◆ Aim of the task
In the listing beneath this line, copy exactly the lines starting with the one containing "白髪の女性がオレンジ色のライ" and going on through the one containing "map of restaurants, bars, coffee".

___ Data for processing

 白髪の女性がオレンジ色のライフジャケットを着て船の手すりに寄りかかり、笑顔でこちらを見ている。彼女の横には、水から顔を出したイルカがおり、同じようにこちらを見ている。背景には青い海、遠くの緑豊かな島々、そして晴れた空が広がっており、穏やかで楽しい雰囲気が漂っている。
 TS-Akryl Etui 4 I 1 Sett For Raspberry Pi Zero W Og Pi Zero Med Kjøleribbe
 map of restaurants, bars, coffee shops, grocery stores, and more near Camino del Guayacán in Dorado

______
___ Data for processing

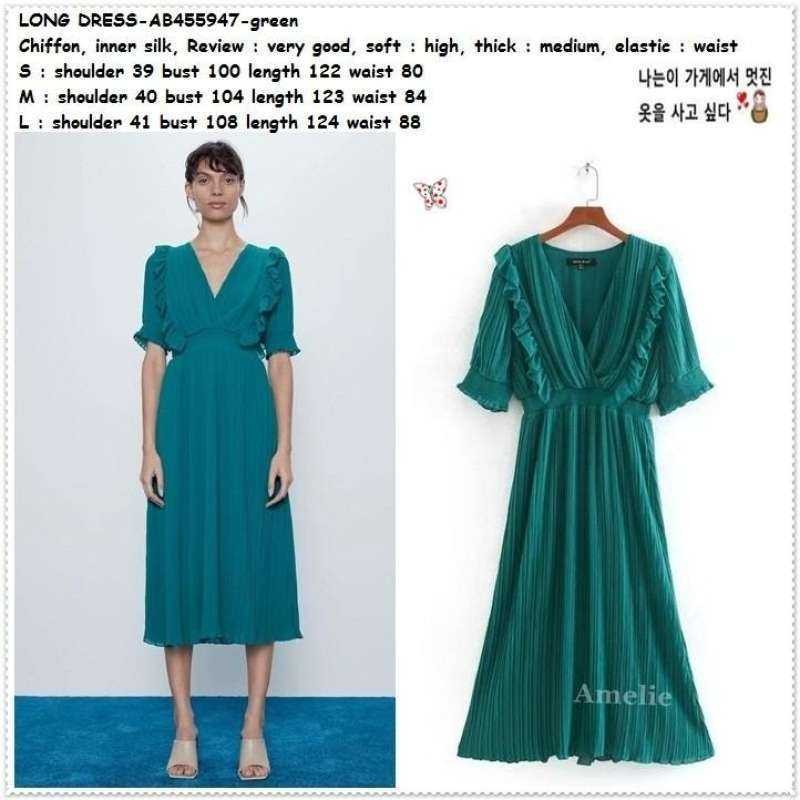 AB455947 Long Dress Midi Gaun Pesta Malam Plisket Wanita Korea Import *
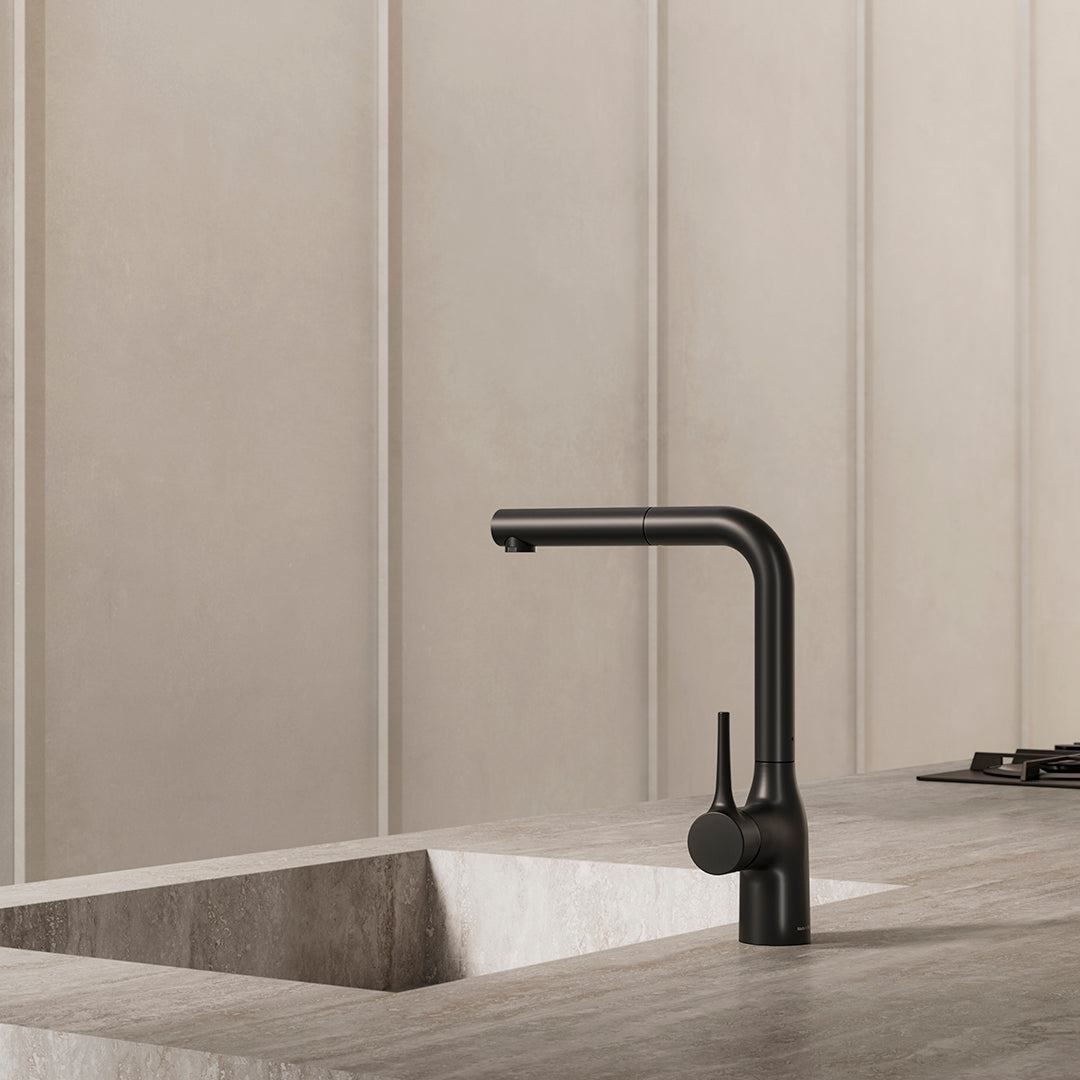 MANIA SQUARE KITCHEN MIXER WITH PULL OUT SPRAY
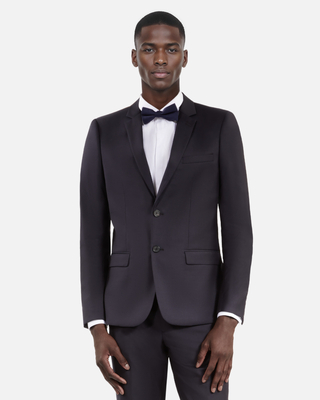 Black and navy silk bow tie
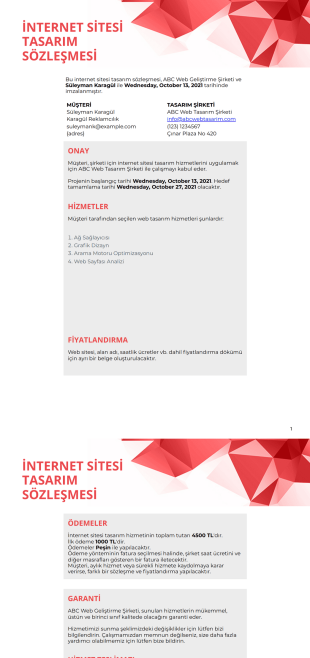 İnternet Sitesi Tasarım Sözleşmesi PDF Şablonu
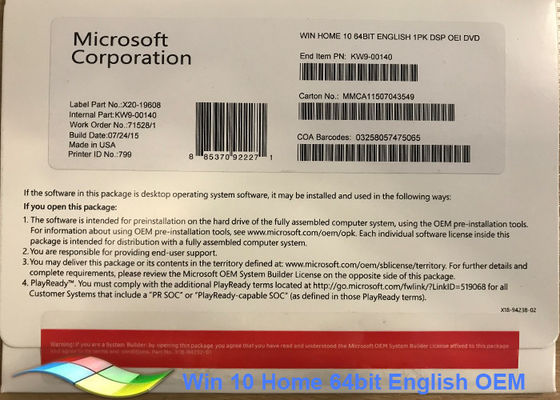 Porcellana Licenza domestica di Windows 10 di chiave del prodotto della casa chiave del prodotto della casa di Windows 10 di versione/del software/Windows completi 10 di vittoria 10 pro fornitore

______

◆ Your solution
 白髪の女性がオレンジ色のライフジャケットを着て船の手すりに寄りかかり、笑顔でこちらを見ている。彼女の横には、水から顔を出したイルカがおり、同じようにこちらを見ている。背景には青い海、遠くの緑豊かな島々、そして晴れた空が広がっており、穏やかで楽しい雰囲気が漂っている。
 TS-Akryl Etui 4 I 1 Sett For Raspberry Pi Zero W Og Pi Zero Med Kjøleribbe
 map of restaurants, bars, coffee shops, grocery stores, and more near Camino del Guayacán in Dorado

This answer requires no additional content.